In our notion, gathering can happen in a lot of different places, in places that often are much more accessible than the big synagogue. It’s a very democratizing approach to encouraging the formation of communities where there is no locus of control, there is no epicenter.

Libenson: This question is also the genesis of our idea of a rabbinic practice group where you would have multiple kinds of rabbis working together as a team.

Something like that is harder to do in a small community with only one synagogue. But you could imagine a situation where multiple synagogues merged in some fashion and hired a team of specialists, as opposed to each one having a generalist.

Richman: I do think that digitally we are connecting with people in very different ways, and that has very significant implications not just for notions of community but also for the need to build expensive buildings.

But even taking digital technologies aside, our model for religious engagement by not relying on jack-of-all-trades professionals also opens up a much more participatory environment. I think this really is very much what millennials will want.

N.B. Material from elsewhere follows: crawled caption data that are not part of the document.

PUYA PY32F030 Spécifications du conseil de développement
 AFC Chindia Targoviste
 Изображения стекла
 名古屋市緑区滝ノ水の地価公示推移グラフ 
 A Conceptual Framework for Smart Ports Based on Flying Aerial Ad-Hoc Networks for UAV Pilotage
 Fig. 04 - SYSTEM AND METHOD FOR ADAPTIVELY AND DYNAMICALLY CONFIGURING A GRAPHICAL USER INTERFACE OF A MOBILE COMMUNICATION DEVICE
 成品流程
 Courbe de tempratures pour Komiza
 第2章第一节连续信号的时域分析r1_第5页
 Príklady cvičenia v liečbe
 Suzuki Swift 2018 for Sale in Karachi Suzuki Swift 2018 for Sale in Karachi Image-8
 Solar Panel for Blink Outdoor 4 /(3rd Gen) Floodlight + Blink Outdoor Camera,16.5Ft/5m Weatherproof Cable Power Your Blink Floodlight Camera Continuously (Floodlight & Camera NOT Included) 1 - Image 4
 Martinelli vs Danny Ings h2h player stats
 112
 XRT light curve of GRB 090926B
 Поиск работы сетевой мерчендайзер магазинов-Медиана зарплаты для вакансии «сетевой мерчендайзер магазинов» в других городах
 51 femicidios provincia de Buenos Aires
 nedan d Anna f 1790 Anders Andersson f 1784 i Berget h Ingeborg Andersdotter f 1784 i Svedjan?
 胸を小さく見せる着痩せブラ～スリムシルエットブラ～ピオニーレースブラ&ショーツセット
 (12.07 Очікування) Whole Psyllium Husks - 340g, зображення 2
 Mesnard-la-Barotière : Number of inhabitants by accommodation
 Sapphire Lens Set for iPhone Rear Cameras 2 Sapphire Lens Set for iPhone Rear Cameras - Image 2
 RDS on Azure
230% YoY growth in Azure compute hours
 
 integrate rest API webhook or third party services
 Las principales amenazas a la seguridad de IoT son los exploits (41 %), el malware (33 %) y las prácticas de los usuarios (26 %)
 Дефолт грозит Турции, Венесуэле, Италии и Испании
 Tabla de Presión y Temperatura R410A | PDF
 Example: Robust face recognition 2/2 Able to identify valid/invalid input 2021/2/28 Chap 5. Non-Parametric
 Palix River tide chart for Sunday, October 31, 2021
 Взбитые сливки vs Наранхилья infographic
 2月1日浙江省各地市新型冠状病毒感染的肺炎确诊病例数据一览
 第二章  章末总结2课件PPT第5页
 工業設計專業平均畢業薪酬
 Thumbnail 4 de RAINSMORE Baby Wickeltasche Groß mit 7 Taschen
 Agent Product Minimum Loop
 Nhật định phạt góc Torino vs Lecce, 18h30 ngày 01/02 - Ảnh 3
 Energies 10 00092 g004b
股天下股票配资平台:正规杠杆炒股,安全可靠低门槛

They will not want to sit in a pew and be spoon-fed things. They want to be active.

You can imagine a Jewish community in a small place that is vibrant precisely because the roles that would traditionally be given to one rabbi instead are dispersed among the laity. It’s a community where there’s much more ownership over the individual roles, and that’s something that I think is almost a prerequisite to engaging millennials.